Le gouvernement bruxellois investit 150 millions d’euros au Heysel.
Bruxelles a perdu plusieurs gros événements, dont le plus grand salon au monde des produits de la mer, qui a déménagé vers l’Espagne, alors que ce salon était l’un des plus gros événements de l’année dans la région capitale jusqu’au début des années 2020. Le gouvernement régional a inscrit la somme de 150 millions d’euros dans le budget pour rénover trois palais d’exposition sur le site du Heysel et ainsi créer un centre pouvant accueillir jusqu’à 20.000 visiteurs à la fois.
Bruxelles est une ville où le tourisme d’affaires représente un enjeu crucial, selon les acteurs du secteur hôtelier. Salons, congrès et foires internationales y sont fréquents. Toutefois, la ville a perdu plusieurs grands événements, dont le plus important salon mondial des produits de la mer, qui s’est déplacé en Espagne. Ce salon était un rendez-vous majeur jusqu’au début des années 2020 dans la Région de Bruxelles-Capitale. Face à cette situation, le nouveau gouvernement régional souhaite agir.

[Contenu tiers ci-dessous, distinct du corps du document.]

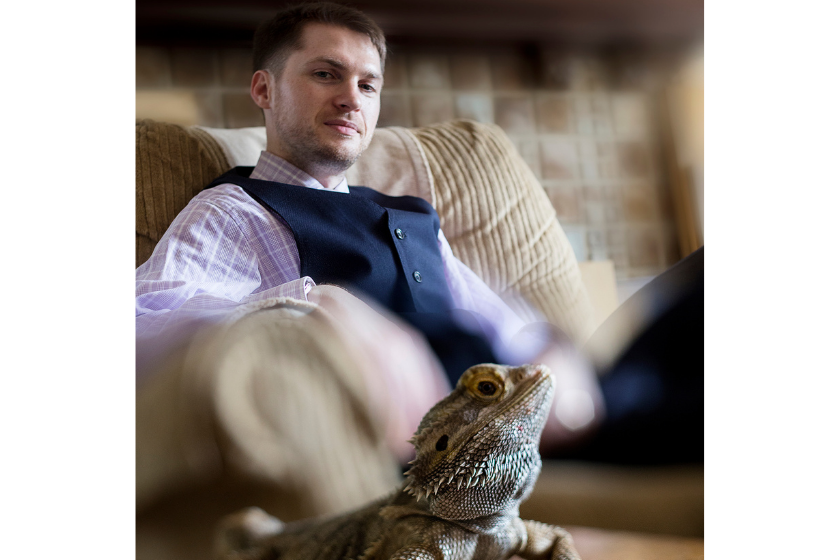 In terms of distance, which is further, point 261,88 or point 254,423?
point 261,88

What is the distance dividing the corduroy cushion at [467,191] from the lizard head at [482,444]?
0.18m

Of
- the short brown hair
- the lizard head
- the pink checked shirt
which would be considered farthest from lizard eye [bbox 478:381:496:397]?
the short brown hair

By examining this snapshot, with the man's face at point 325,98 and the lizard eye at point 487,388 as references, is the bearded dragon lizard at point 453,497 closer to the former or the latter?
the lizard eye at point 487,388

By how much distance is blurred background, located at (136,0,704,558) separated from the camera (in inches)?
27.8

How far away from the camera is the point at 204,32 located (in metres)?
0.70

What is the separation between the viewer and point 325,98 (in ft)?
2.26

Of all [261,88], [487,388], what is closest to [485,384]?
[487,388]

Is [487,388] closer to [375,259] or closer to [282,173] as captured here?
[375,259]

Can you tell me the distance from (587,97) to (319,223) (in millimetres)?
356

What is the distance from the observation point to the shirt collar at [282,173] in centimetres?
72

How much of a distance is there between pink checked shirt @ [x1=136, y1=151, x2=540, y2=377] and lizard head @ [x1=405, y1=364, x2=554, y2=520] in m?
0.12

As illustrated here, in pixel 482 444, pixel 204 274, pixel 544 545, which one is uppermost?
pixel 204 274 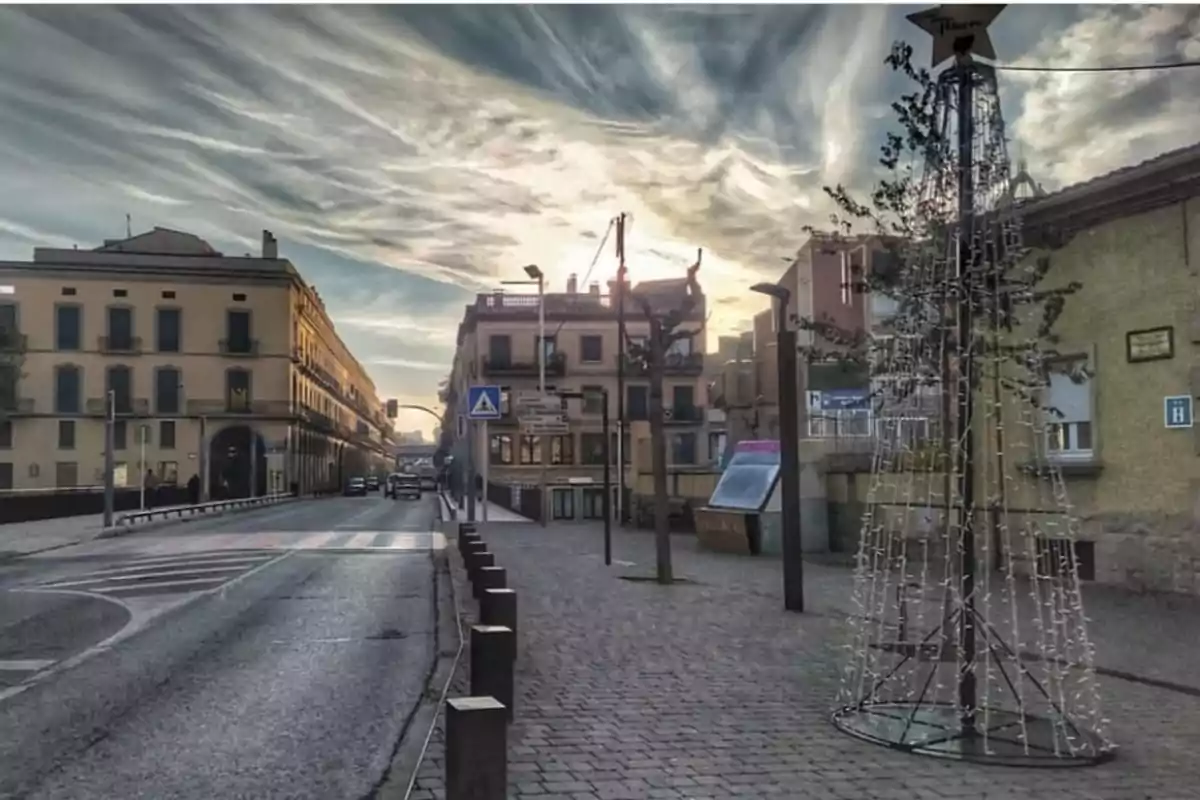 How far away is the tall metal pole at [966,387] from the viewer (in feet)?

Dans sa Déclaration de Politique Régionale du 13 février 2026, le gouvernement a désigné expressément Brussels Expo comme un projet prioritaire. Le ministre Dirk Desmedt (Anders) a partagé cette information dans une note destinée à ses collègues pour avancer ce nouveau projet.
Pour atteindre cet objectif, la région prévoit de rénover trois palais d’exposition sur le site du Heysel : le palais 5, au design Art déco emblématique datant de l’exposition universelle de 1935, le palais 2 et le palais 10. Ces trois bâtiments forment un triangle, et l’espace central, situé en sous-sol, sera également réaménagé pour devenir partie intégrante de ce nouvel espace d’expositions. L’intention est de créer à terme un centre capable d’accueillir jusqu’à 20 000 visiteurs simultanément.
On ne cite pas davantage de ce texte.